Yelp Menu from Photo
Purpose
Given a restaurant on Yelp, return its menu transcribed from the menu photos that users and the business have uploaded — section headers, item names, descriptions, and prices. This is the photo-based menu (the "Menu" photo category on the business's photo page), not Yelp's separate structured /menu/ page (which most restaurants don't have). The skill clears Yelp's DataDome anti-bot wall in a verified browser session, enumerates the menu-category photo IDs, pulls each full-resolution image directly from Yelp's CDN, and reads the image with vision. Read-only — it never writes reviews, uploads, or claims a business.
When to Use
- "What's on the menu / what are the prices at {restaurant} on Yelp?" when the restaurant has no structured Yelp menu but diners have photographed the physical menu.
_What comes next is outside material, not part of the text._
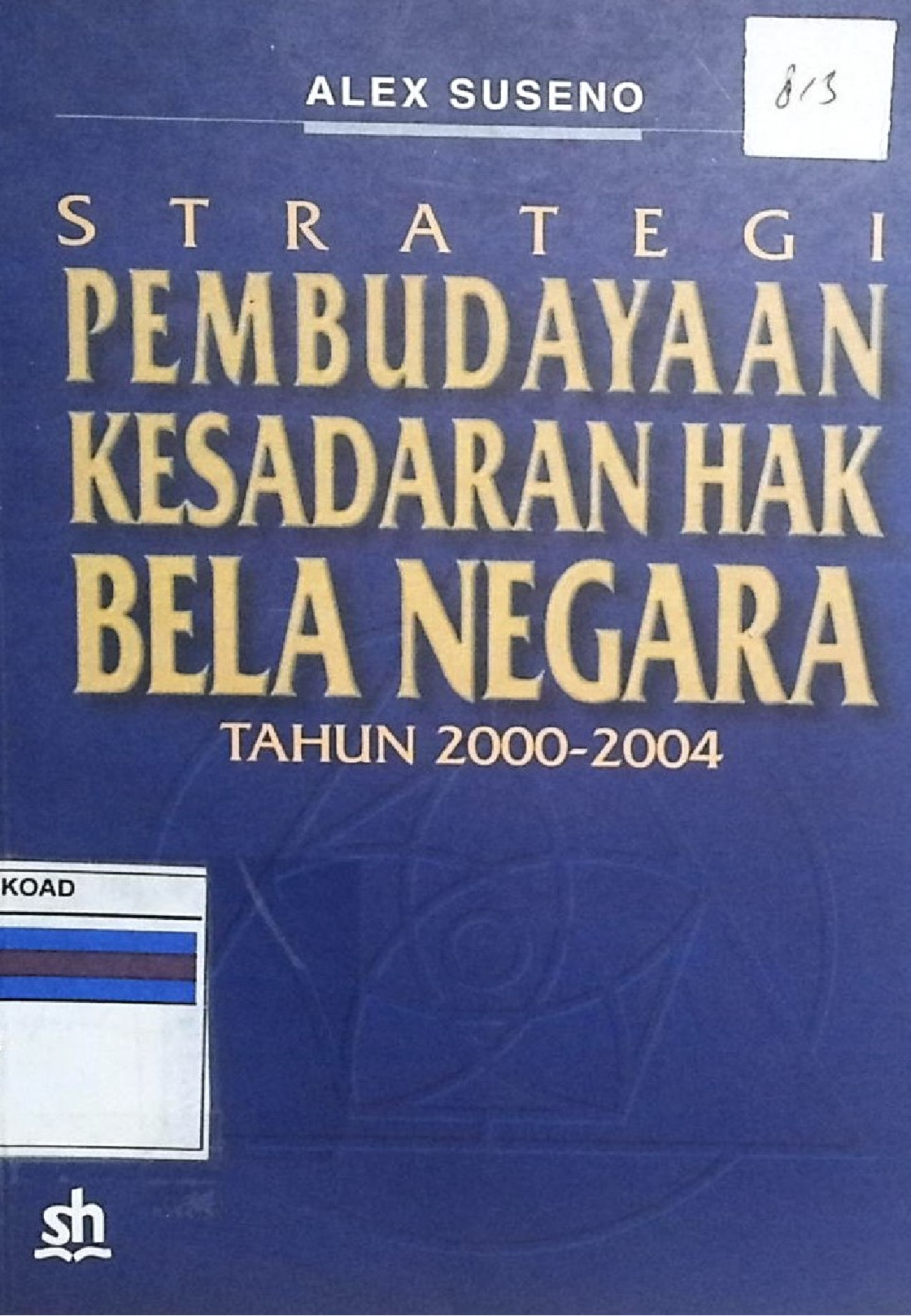 STRATEGI PEMBUDAYAAN KESADARAN HAK BELA NEGARA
- Extracting dishes + prices from a steakhouse / cafe / bar whose menu only exists as photographed paper menus.
- Building a menu dataset from Yelp photo galleries.
- Any flow that needs menu content and is willing to OCR/vision-read photographed menus rather than a machine-readable feed.
Workflow
The optimal method is hybrid. A verified browser session is mandatory to clear Yelp's DataDome challenge and load the photo grid (the only place the menu-photo IDs are listed). But the full-resolution images themselves live on s3-media*.fl.yelpcdn.com, which is not behind DataDome (HTTP 200 directly) — so once you have the photo IDs, retrieving and OCR'ing the images is a plain fetch + vision step. Lead with the browser to clear the wall and enumerate IDs; pull the pixels from the CDN.
-
Create a verified session with captcha solving.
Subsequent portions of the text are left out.